(Exercise directions):
Beginning with the line that holds "sBox ����� 72801800" and ending with the last line below, repeat each line exactly, leaving any pictures out.

*** Data shown ***

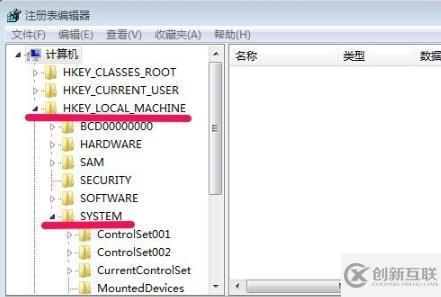 win7怎么取消开机自检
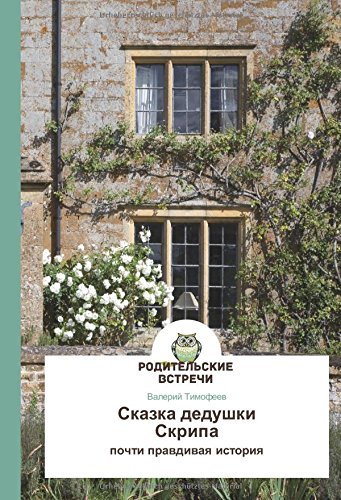 Skazka dedushki Skripa: pochti prawdiwaq istoriq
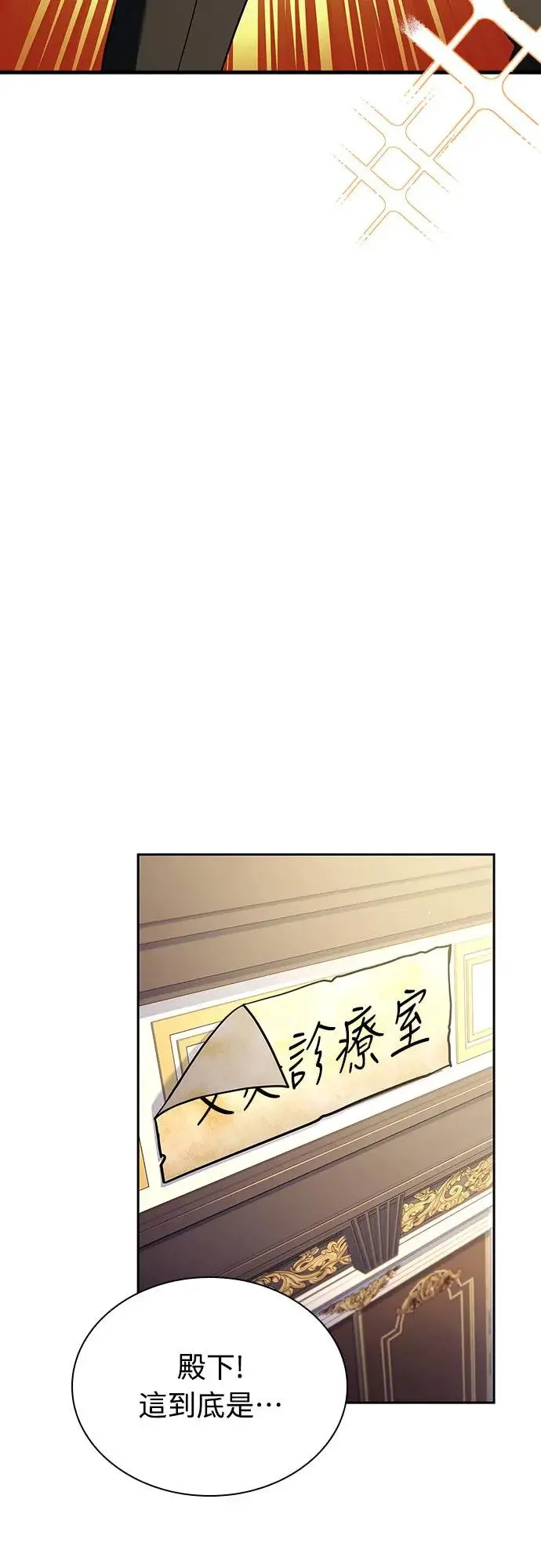 第14话 第44页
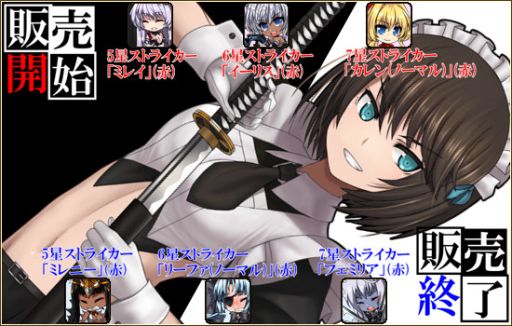 画像ギャラリー No.015のサムネイル画像 / 「燐光のレムリア」,一部ストライカーの好感度上限を開放する任務が実装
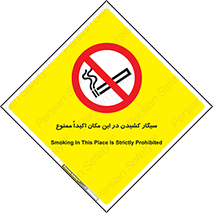 area , cigarette , استعمال دخانیات , بشدت , محوطه , محیط , 
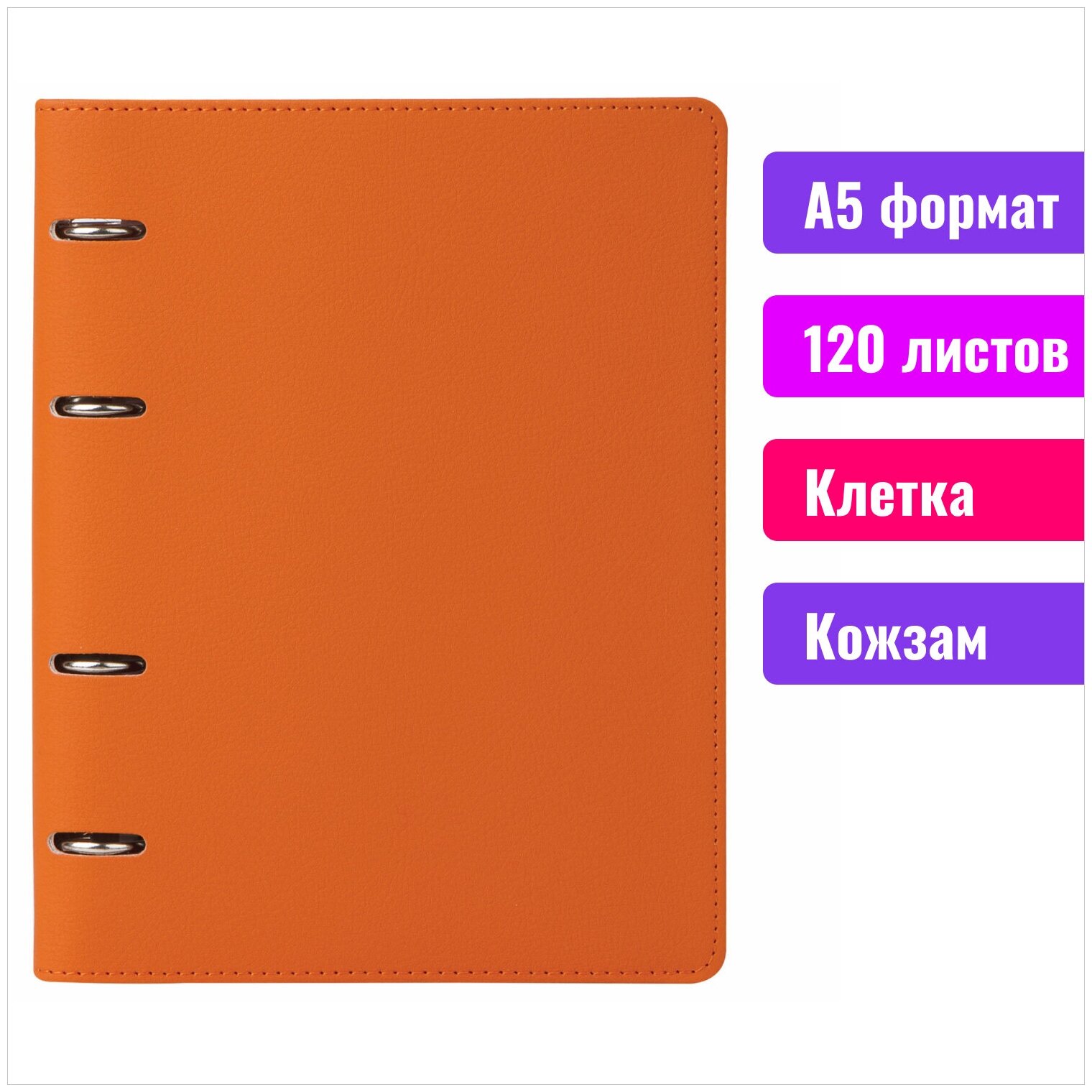 Тетрадь на кольцах А5 (180х220 мм), 120 листов, под кожу, BRAUBERG "Joy", оранжевый/светло-оранжевый, 129992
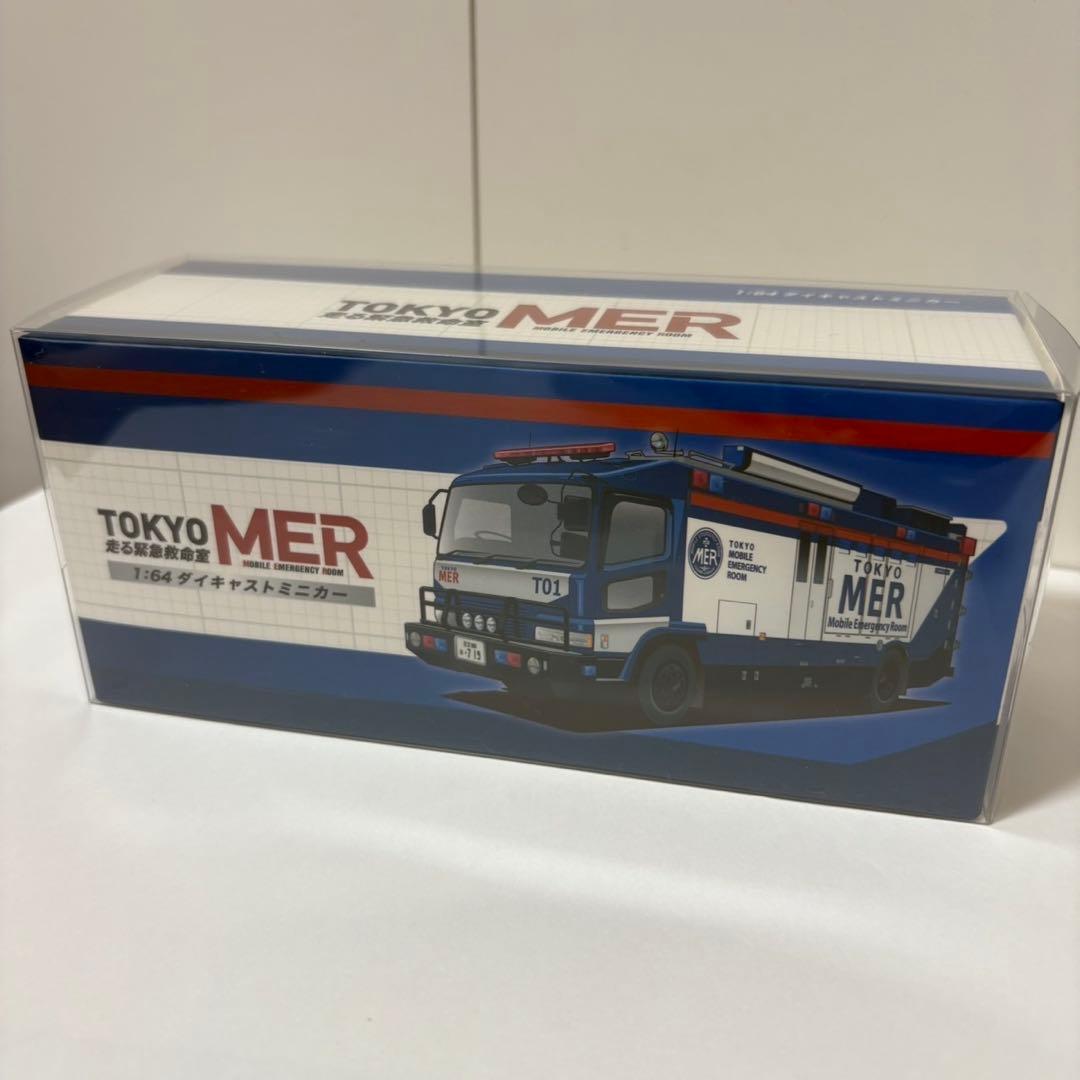 たーちゃんさん専用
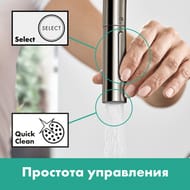 ��������� Hansgrohe Talis M54 ��� ����� 210 �������� ���, ���������� ����� 2jet sBox ����� 72801800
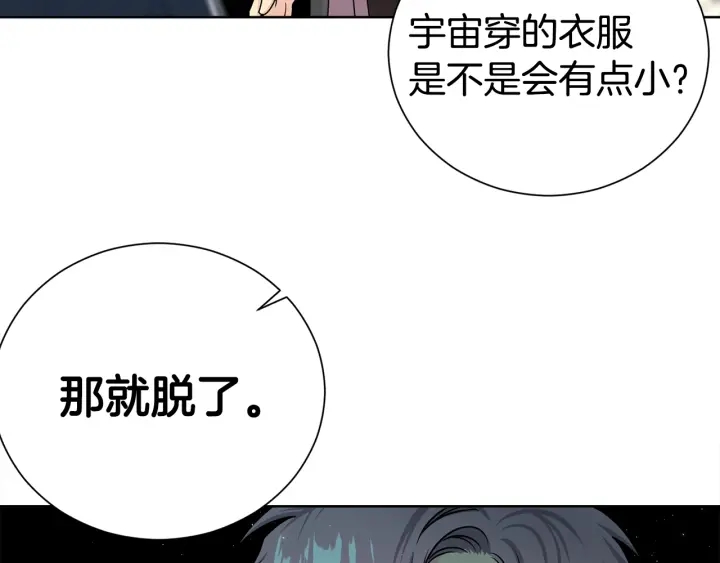 第55话 他的温柔70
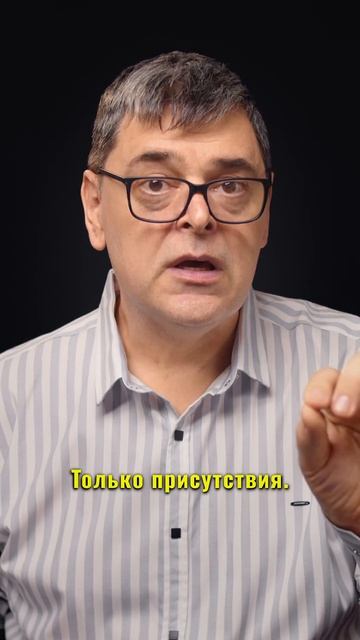 Мы добавили Бога в друзья. Но так и не написали ни одного сообщения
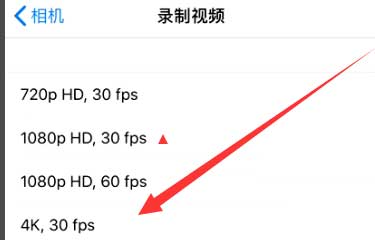 五家渠苹果手机维修分享iPhone12拍视频闪屏怎么办 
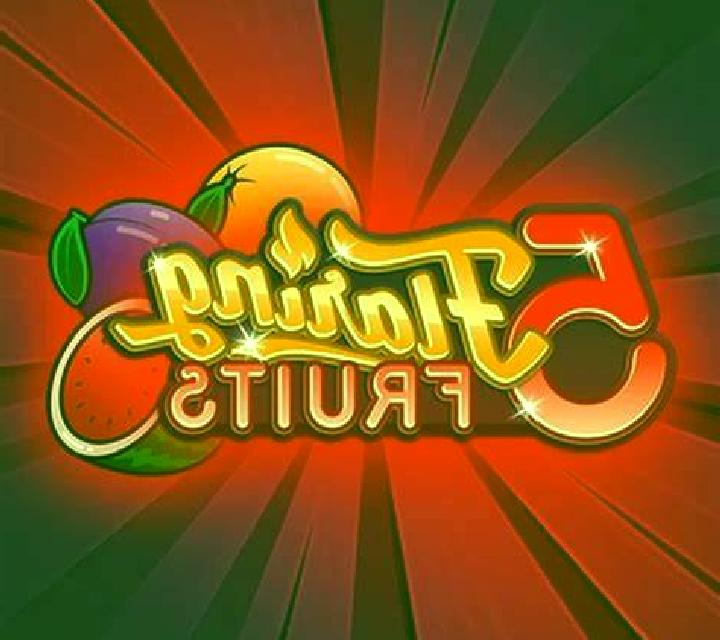 5 Flaring Fruits screenshot 1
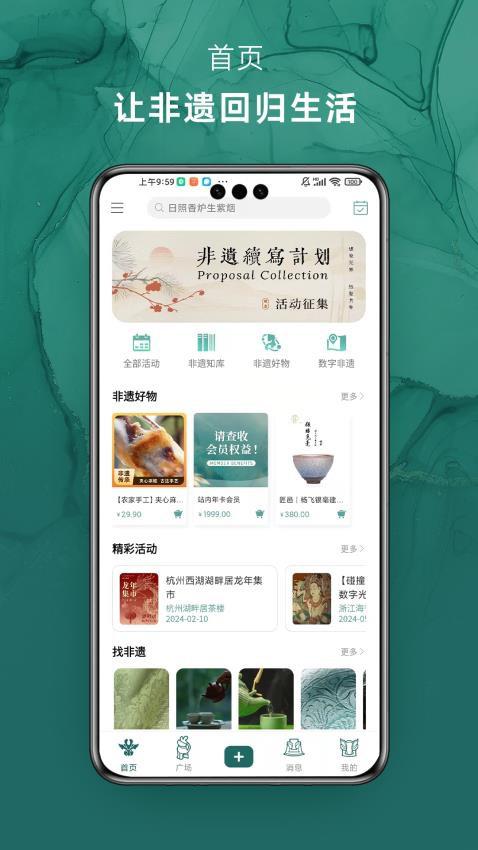 铜雀台先行季APP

*** End of Data shown ***

(Finished exercise):
 ��������� Hansgrohe Talis M54 ��� ����� 210 �������� ���, ���������� ����� 2jet sBox ����� 72801800
 第55话 他的温柔70
 Мы добавили Бога в друзья. Но так и не написали ни одного сообщения
 五家渠苹果手机维修分享iPhone12拍视频闪屏怎么办 
 5 Flaring Fruits screenshot 1
 铜雀台先行季APP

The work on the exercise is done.